▸ **Assignment**:
A verbatim copy of all the data is required; the pictures should not appear in it.

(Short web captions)
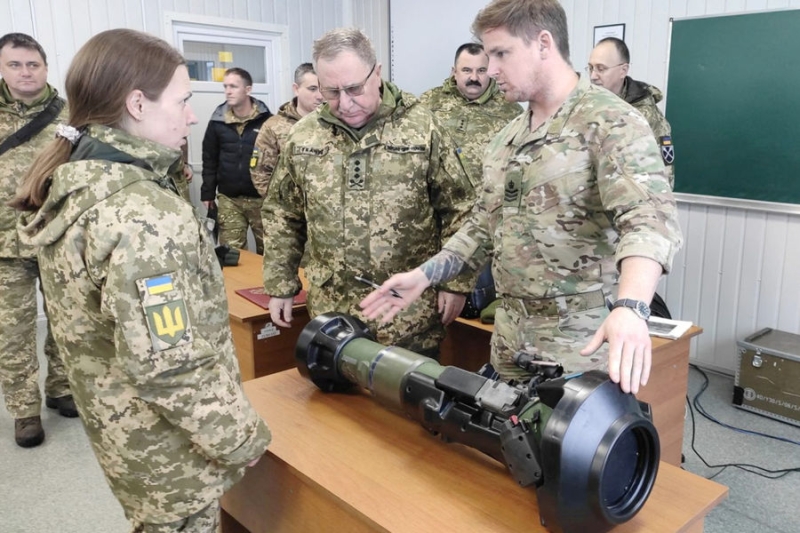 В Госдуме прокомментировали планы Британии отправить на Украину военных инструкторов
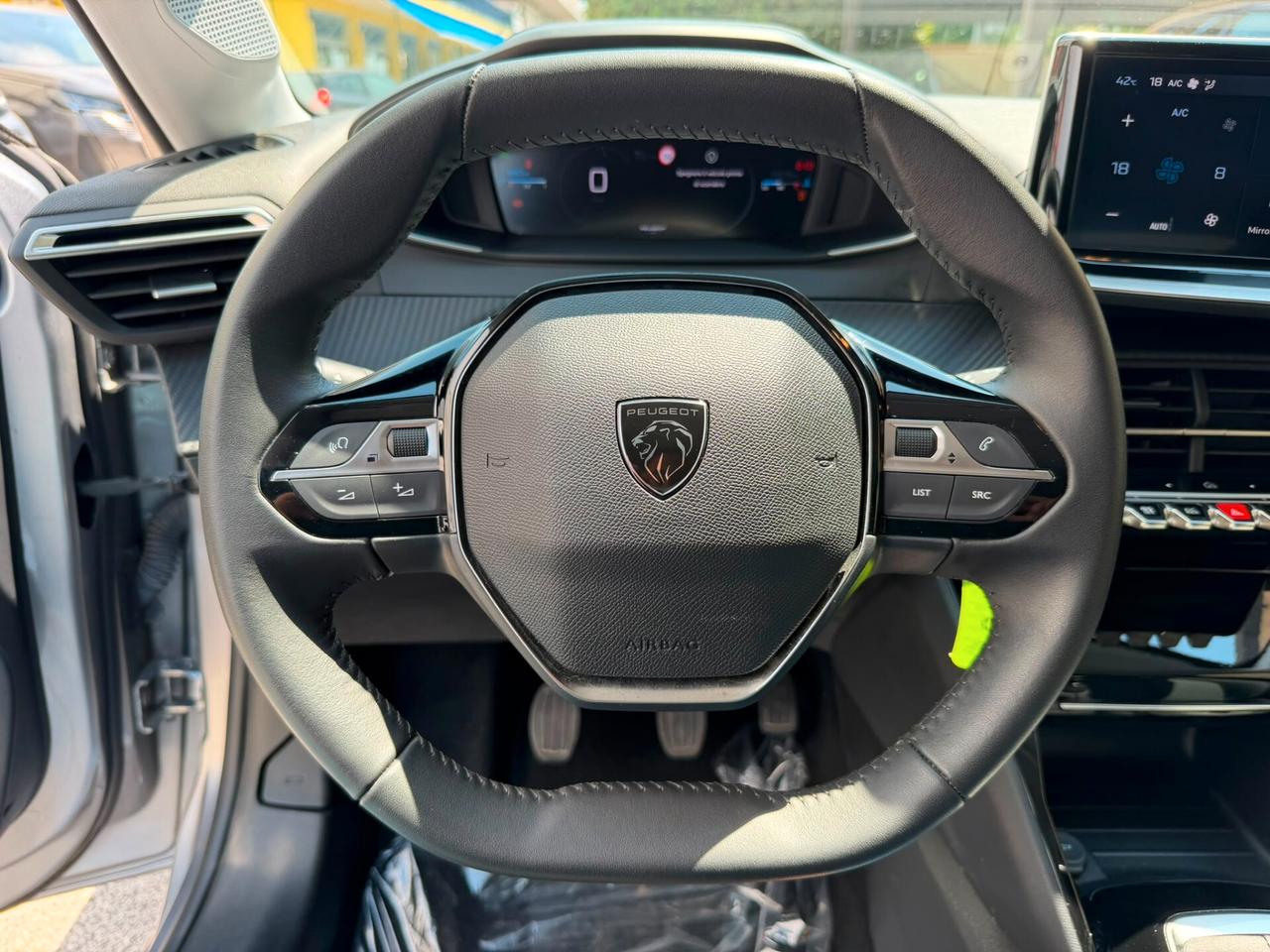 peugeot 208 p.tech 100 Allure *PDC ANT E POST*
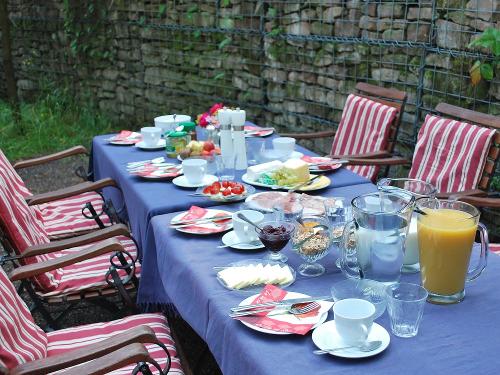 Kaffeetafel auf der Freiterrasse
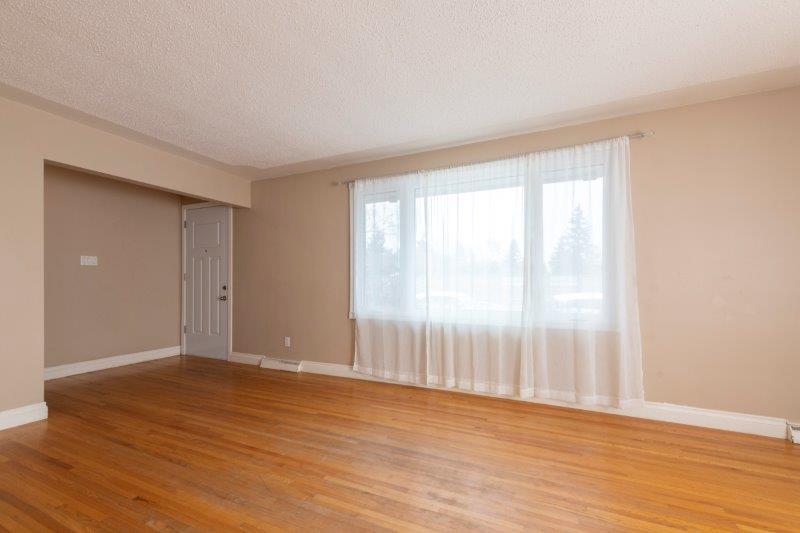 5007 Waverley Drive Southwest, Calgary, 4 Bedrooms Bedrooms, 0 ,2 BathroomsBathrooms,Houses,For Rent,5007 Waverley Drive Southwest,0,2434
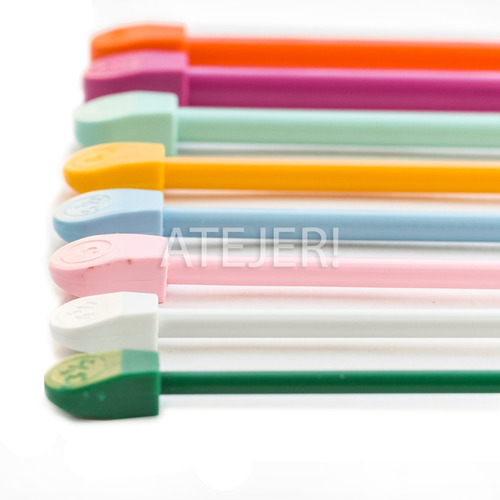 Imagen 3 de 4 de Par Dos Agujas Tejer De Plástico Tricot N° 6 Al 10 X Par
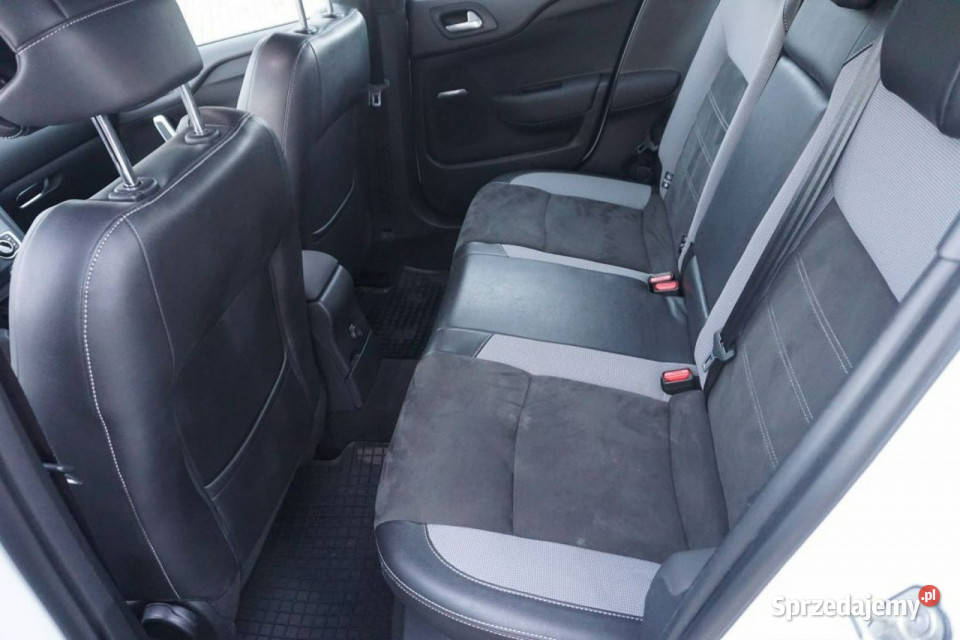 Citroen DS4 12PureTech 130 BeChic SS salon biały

▸ **Task response**:
 В Госдуме прокомментировали планы Британии отправить на Украину военных инструкторов
 peugeot 208 p.tech 100 Allure *PDC ANT E POST*
 Kaffeetafel auf der Freiterrasse
 5007 Waverley Drive Southwest, Calgary, 4 Bedrooms Bedrooms, 0 ,2 BathroomsBathrooms,Houses,For Rent,5007 Waverley Drive Southwest,0,2434
 Imagen 3 de 4 de Par Dos Agujas Tejer De Plástico Tricot N° 6 Al 10 X Par
 Citroen DS4 12PureTech 130 BeChic SS salon biały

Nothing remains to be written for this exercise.